TASK INSTRUCTIONS: In the listing below, locate the line containing "Серая металлическая тамбурная" and copy it and every line after it through the end, exactly as written, leaving out any pictures.

STORED DATA:
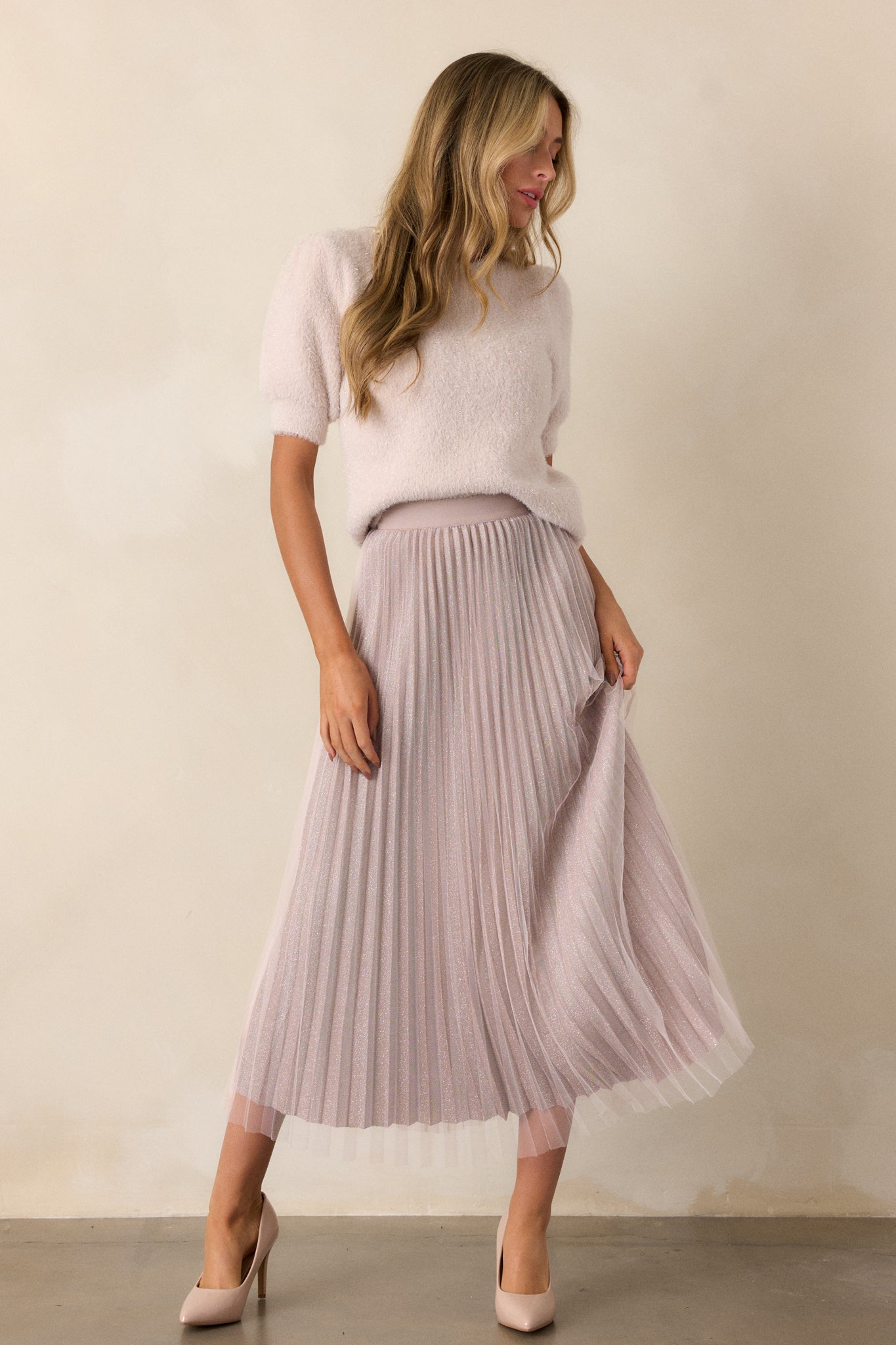 Chic Radiance Mauve Pleated Midi Skirt1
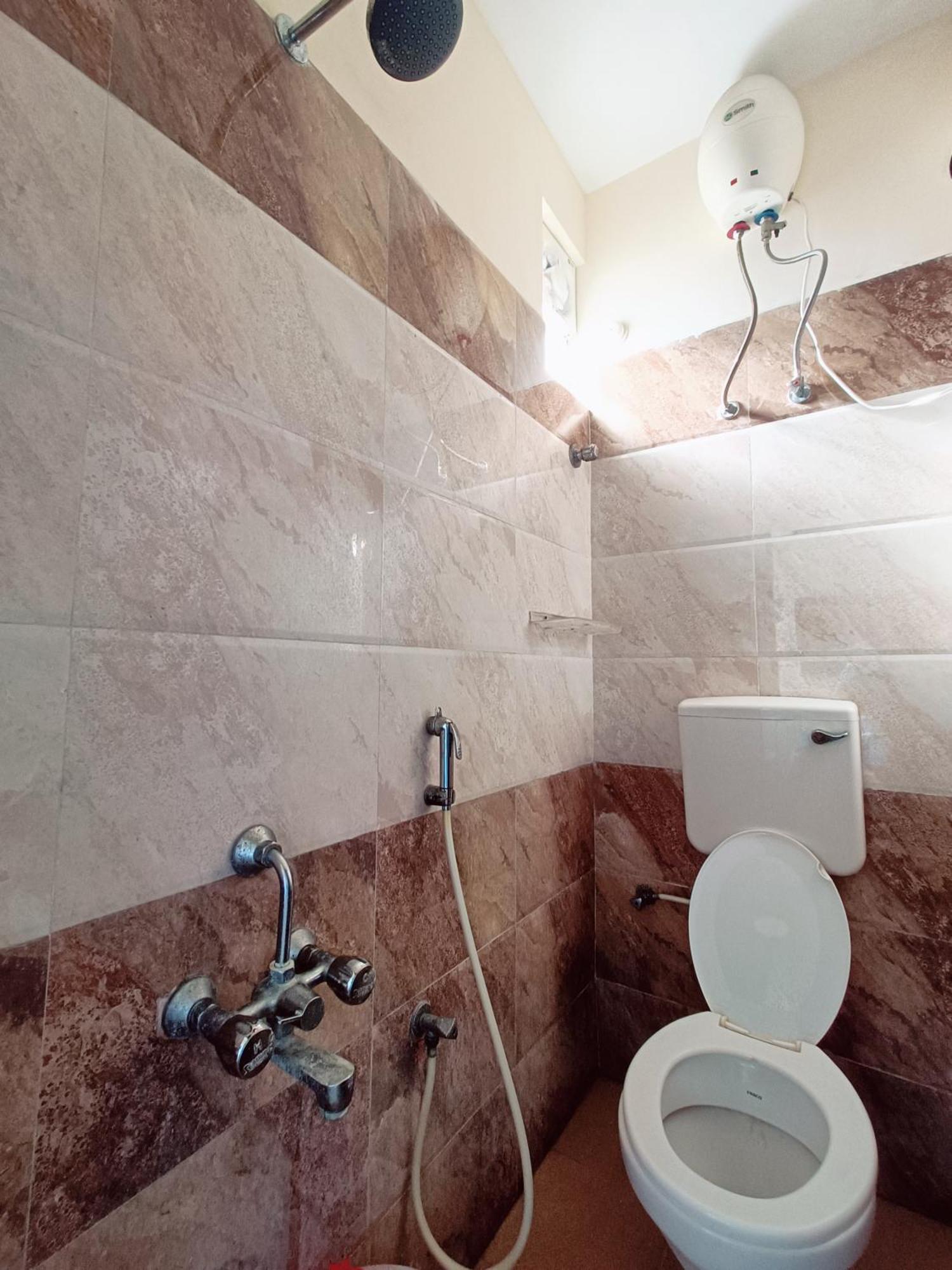 Green Tree Hotel-Near Vfs Global And Ramee Mall Chennai Zewnętrze zdjęcie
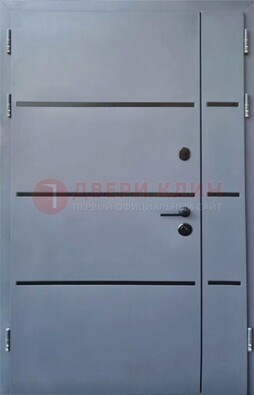 Серая металлическая тамбурная дверь с молдингами ДТМ-42 в Иваново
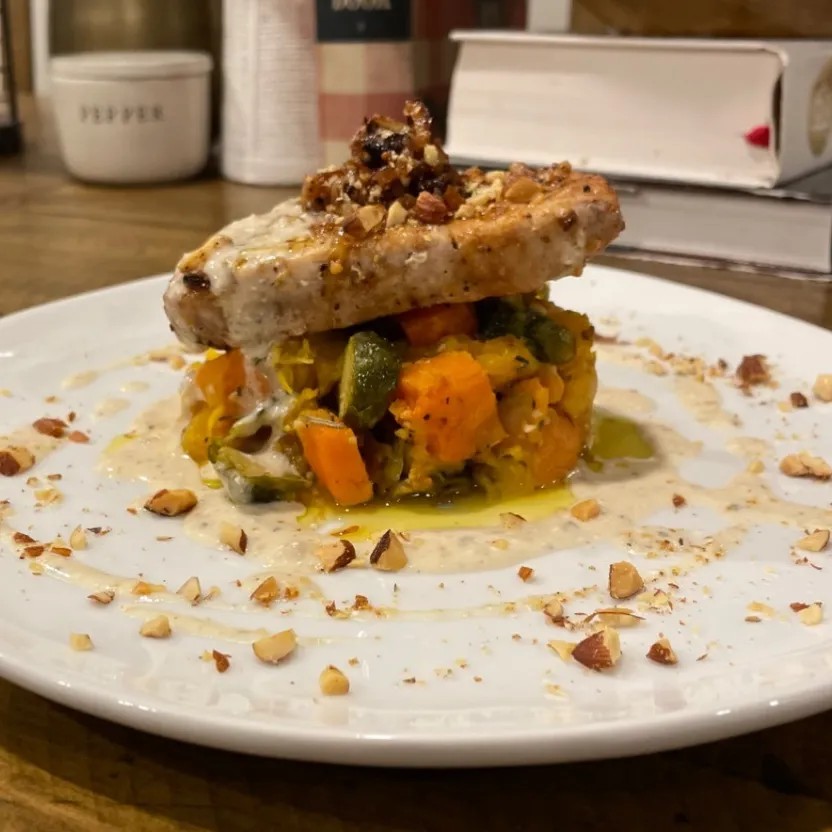 Image alt description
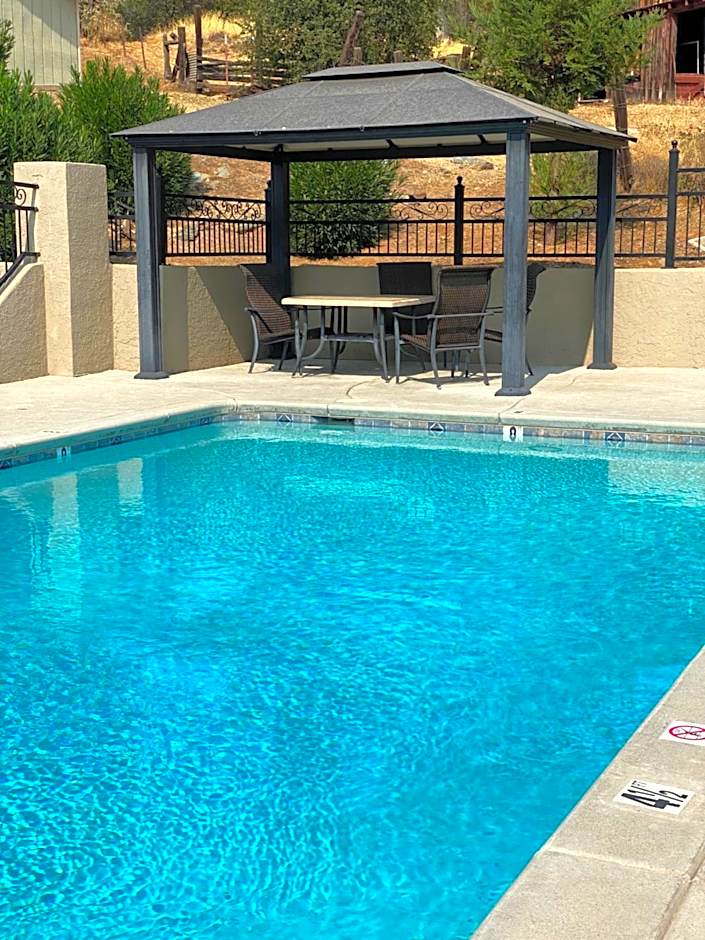 Country Inn Sonora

ANSWER BELOW:
 Серая металлическая тамбурная дверь с молдингами ДТМ-42 в Иваново
 Image alt description
 Country Inn Sonora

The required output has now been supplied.